Speaking to The Times, whose owner Rupert Murdoch was among the bridge’s supporters, Lumley said: “The negativity troubles me in my heart. I hope we’re not turning into the sort of country that instantly says no before it considers saying yes. A nation that just pulls the shutters down. The silent majority still love the bridge, but of course they were not asked what they think.”
A fascinating element of the story of the Garden Bridge was that it collapsed under the weight of its own problems rather than due to pressure from external forces.
While there was undoubtedly scrutiny from campaign groups, MPs and some pockets of the media, ultimately it was those involved with the project who made its failure inevitable and who wasted such a colossal sum of money and built nothing.
“It’s outrageous that no one is being held accountable,” says Will Hurst. “An important part of that is that there is no effective oversight of Transport for London – this body that spends billions and billions of pounds of our money every year.
“The London Assembly has done a really good job on the Garden Bridge, but it doesn’t have the power to hold people to account.
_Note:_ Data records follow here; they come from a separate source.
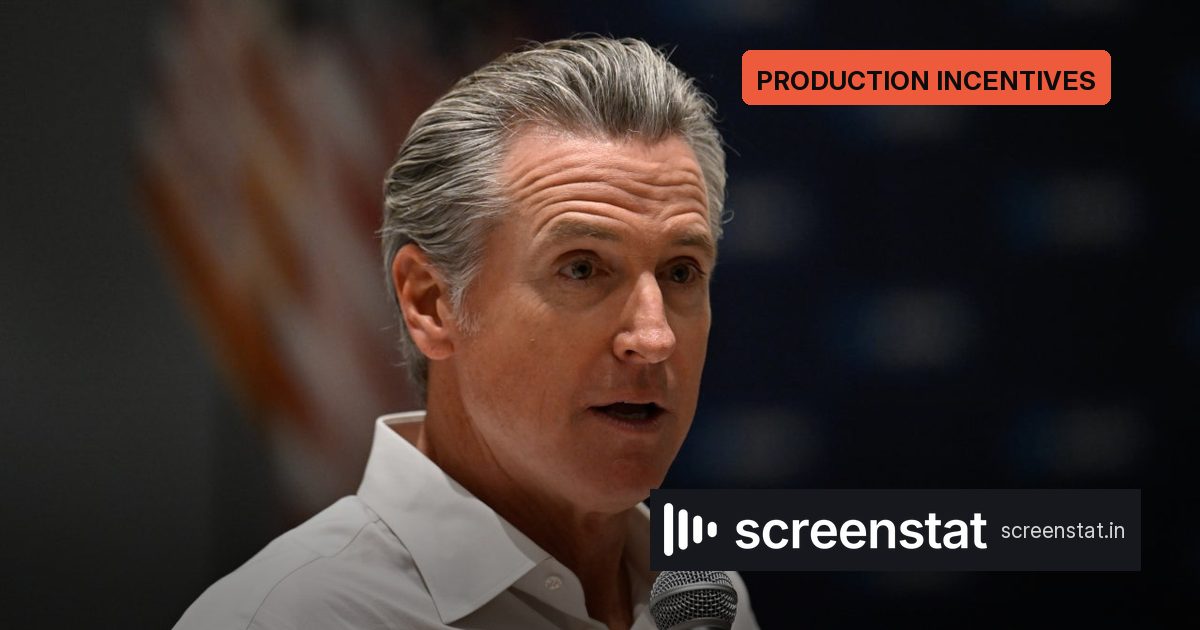 California Passes Standalone Post-Production Tax Credit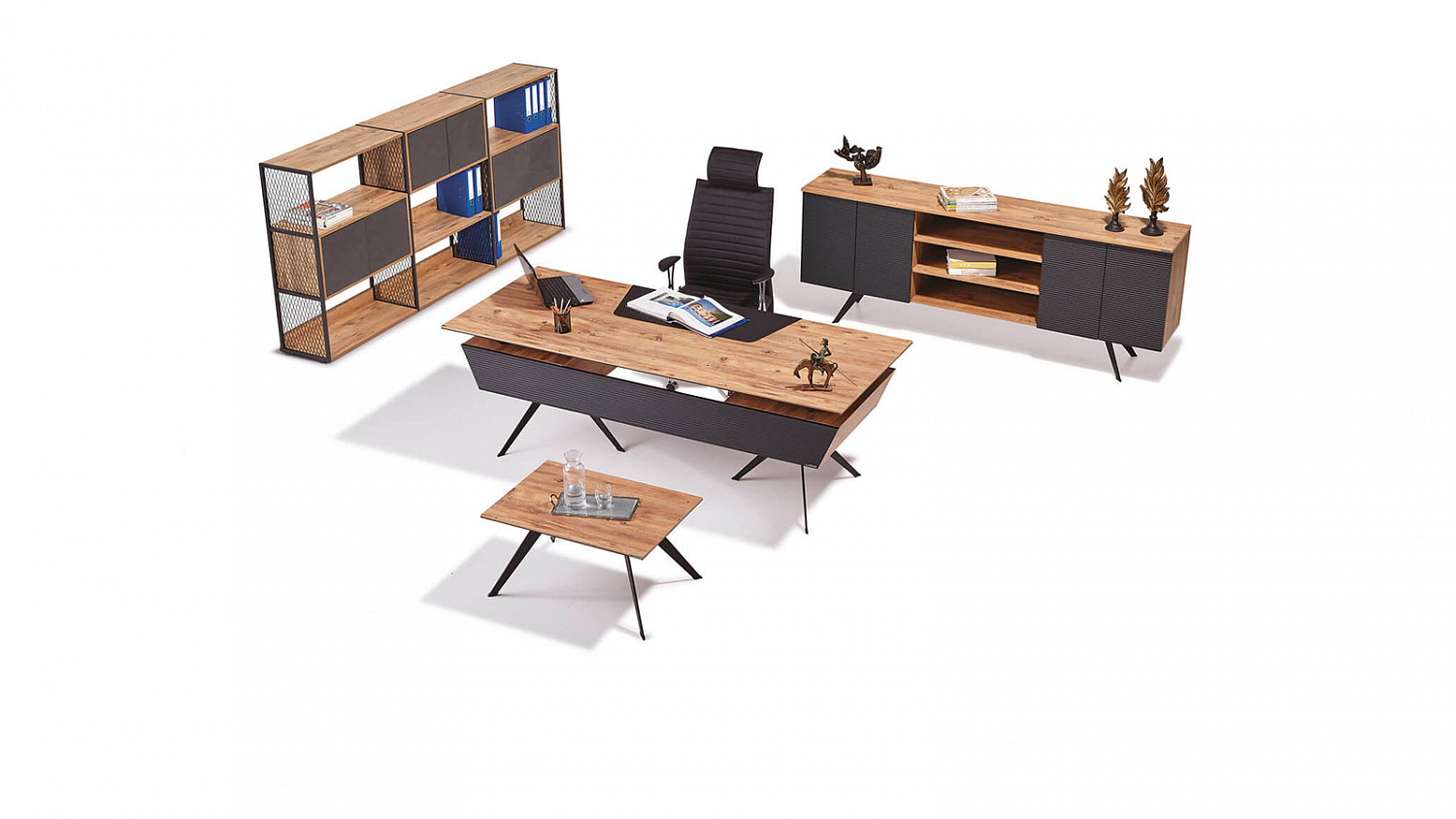 Кабинет руководителя SPACE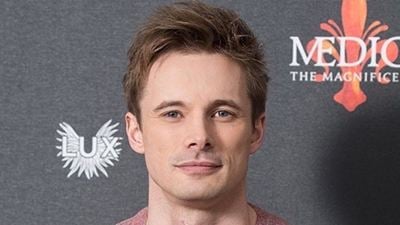 Netflix Dizisi ‘The Liberator’ın Başrolü Bradley James’in!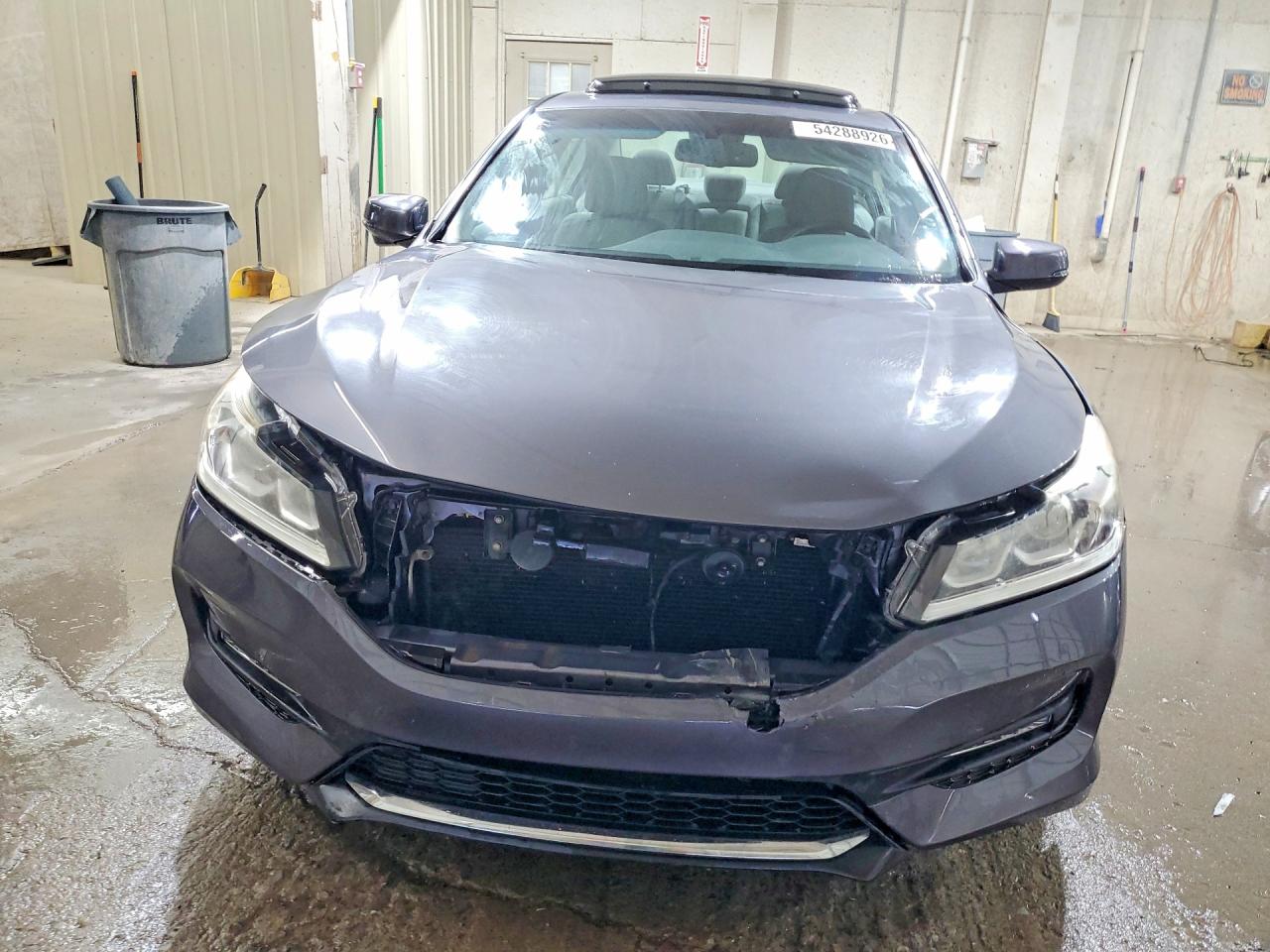 2016 HONDA ACCORD EXL photo 13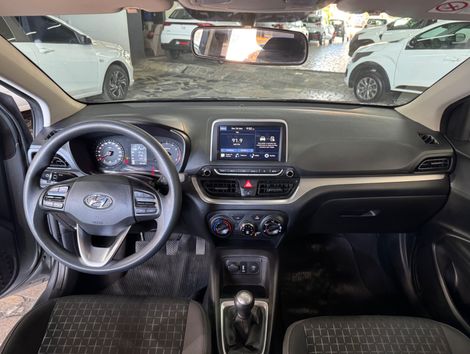 Hyundai HB20 Comfort Plus 1.0 Flex 12V Mec.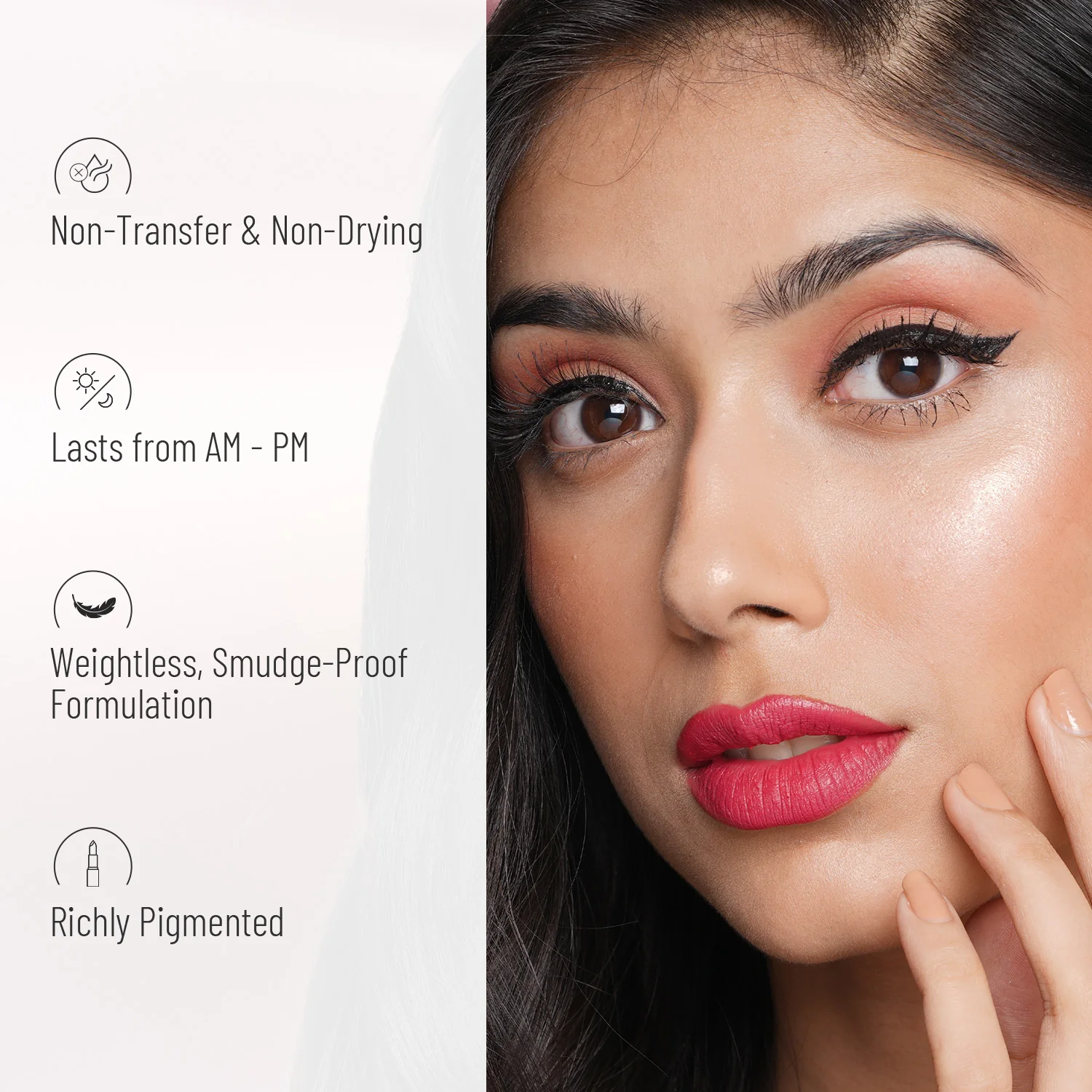 Non-transfer Matte Lipstick - Image 72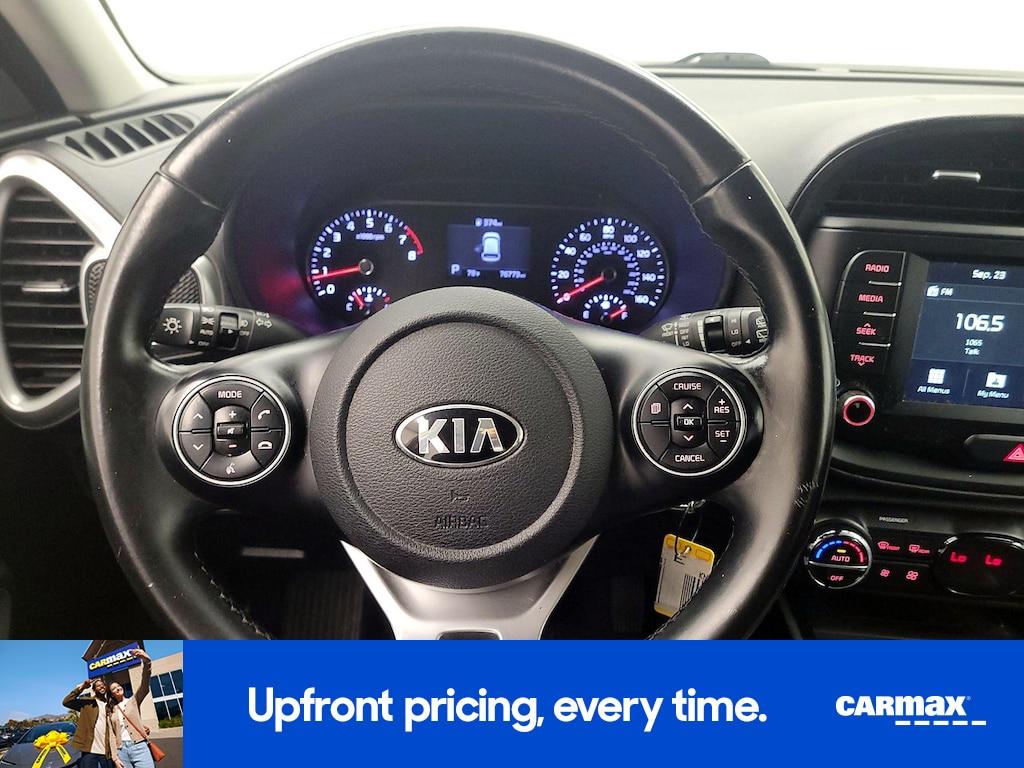 used 2020 Kia Soul car, priced at $13,998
It can hold hearings and embarrass people, but it doesn’t have the power of a select committee for example.
“It’s absolutely scandalous,” he adds.
Michael Ball summed up the bridge’s failure succinctly: “At the end of the day there were circles they couldn’t square and they were inherent to the project. They should have been flagged up early in the project. Someone should have said, ‘hang on a minute, this is a nice idea but there are really big problems’.”
But is that the end of the Garden Bridge? Last week Johnson – who has recently said a bridge should be built to France – told the London Assembly he felt “miserable” the bridge had not been built. “Frankly, one day I hope the whole project is revived. I think it will be,” he added.